Foltz says computers "learn" what's considered good writing by analyzing essays graded by humans. Then, the automated programs score essays themselves by scanning for those same features.
"We have artificial intelligence techniques which can judge anywhere from 50 to 100 features," Foltz says. That includes not only basics like spelling and grammar, but also whether a student is on topic, the coherence or the flow of an argument, and the complexity of word choice and sentence structure. "We've done a number of studies to show that the scoring can be highly accurate," he says.
To demonstrate, he takes a not-so-stellar sample essay, rife with spelling mistakes and sentence fragments, and runs it by the robo-grader, which instantly spits back a not-so-stellar score.
"It gives an overall score of two out of four," Foltz explains. The computer also breaks it down in several categories of sub-scores showing, for example, a one on spelling and grammar, and a two on task and focus.
Several states including Utah and Ohio already use automated grading on their standardized tests. Cyndee Carter, assessment development coordinator for the Utah State Board of Education, says the state began very cautiously, at first making sure every machine-graded essay was also read by a real person. But she says the computer scoring has proven "spot-on" and Utah now lets machines be the sole judge of the vast majority of essays. In about 20 percent of cases, she says, when the computer detects something unusual, or is on the fence between two scores, it flags an essay for human review. But all in all, she says the automated scoring system has been a boon for the state, not only for the cost savings, but also because it enables teachers to get test results back in minutes rather than months.
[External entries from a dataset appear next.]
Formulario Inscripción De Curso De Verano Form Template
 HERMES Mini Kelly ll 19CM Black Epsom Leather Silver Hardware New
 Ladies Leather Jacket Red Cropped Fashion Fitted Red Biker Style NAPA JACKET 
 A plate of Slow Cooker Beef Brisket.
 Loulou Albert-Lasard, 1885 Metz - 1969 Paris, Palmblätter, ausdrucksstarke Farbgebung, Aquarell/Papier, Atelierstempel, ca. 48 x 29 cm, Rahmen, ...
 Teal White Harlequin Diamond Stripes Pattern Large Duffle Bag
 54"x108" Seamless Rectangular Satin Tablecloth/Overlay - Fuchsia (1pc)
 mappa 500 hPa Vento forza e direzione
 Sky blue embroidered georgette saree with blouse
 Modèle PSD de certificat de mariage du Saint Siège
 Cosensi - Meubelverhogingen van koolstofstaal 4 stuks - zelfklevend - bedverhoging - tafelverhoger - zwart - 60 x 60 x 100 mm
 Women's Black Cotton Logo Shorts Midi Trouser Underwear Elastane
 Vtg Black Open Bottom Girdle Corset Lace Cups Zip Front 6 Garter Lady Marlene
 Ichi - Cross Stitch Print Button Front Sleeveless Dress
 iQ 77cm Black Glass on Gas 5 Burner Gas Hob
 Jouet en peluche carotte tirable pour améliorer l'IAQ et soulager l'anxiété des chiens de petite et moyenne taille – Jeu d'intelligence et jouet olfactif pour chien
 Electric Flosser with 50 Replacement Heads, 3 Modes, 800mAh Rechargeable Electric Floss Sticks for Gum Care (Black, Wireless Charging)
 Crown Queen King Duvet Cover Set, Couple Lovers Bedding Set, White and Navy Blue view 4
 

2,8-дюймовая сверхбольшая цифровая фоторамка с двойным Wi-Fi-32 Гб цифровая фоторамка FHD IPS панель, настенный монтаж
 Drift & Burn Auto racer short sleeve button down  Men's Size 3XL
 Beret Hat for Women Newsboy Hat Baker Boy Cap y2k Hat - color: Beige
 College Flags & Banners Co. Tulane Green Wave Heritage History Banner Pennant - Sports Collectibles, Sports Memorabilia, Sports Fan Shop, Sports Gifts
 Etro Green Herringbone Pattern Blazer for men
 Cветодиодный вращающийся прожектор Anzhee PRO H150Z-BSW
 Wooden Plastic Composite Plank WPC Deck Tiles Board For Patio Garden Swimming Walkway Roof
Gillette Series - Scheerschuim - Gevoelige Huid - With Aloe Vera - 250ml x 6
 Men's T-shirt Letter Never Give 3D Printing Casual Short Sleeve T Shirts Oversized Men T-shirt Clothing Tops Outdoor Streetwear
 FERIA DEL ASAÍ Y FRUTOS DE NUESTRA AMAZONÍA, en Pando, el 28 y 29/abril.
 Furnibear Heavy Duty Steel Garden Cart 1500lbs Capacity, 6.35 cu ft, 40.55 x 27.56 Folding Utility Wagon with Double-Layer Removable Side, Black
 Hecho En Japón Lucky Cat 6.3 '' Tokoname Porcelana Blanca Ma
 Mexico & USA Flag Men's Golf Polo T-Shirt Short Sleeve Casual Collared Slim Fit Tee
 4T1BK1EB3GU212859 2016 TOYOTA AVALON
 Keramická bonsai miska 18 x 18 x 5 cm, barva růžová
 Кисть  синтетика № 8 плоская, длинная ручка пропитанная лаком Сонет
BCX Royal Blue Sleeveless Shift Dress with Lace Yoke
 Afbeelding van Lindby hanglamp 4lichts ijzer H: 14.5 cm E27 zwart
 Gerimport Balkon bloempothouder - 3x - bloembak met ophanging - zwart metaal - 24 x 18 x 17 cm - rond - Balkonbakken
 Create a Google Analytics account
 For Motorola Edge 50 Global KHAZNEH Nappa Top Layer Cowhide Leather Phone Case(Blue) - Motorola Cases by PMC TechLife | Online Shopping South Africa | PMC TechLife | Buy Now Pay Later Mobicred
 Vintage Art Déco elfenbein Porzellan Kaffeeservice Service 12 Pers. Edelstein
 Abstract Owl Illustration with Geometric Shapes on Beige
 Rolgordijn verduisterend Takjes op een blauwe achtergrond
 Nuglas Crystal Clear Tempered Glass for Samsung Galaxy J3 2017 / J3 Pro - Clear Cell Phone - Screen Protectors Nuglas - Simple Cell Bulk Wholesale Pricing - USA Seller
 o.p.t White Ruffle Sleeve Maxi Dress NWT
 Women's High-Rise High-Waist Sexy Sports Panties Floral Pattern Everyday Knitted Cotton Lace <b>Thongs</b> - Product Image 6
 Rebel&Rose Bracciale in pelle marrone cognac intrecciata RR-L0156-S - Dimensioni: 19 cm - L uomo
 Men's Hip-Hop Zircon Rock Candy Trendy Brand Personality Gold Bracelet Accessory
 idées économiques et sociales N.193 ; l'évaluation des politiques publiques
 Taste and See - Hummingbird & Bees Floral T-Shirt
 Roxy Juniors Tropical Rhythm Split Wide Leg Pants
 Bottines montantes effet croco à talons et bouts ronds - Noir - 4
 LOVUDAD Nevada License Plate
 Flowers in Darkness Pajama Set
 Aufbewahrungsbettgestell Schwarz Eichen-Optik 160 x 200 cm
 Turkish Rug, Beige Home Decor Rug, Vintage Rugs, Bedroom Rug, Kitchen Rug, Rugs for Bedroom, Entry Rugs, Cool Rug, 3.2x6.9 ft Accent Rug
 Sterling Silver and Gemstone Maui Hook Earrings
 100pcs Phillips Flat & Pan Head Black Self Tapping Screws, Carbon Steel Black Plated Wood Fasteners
Massachusetts is among those now intrigued by the possibilities, and considering jumping on the bandwagon to have computers score essays on its state-wide Massachusetts Comprehensive Assessment System (MCAS) tests.
Commissioner of Elementary and Secondary Education Jeffrey C. Riley called the prospect "exciting" at a recent Board of Elementary and Secondary Education meeting outlining plans to look into the idea. "I'm suspending belief that this is possible," he said.
Department Of Education Deputy Commissioner Jeff Wulfson cited "huge advances in artificial intelligence in the last few years" and cracked, "I asked Alexa whether she thought we'd ever be able to use computers to reliably score tests, and she said absolutely."
But many teachers are unconvinced.
"The idea is bananas, as far as I'm concerned," says Kelly Henderson, an English teacher at Newton South High School just outside Boston. "An art form, a form of expression being evaluated by an algorithm is patently ridiculous."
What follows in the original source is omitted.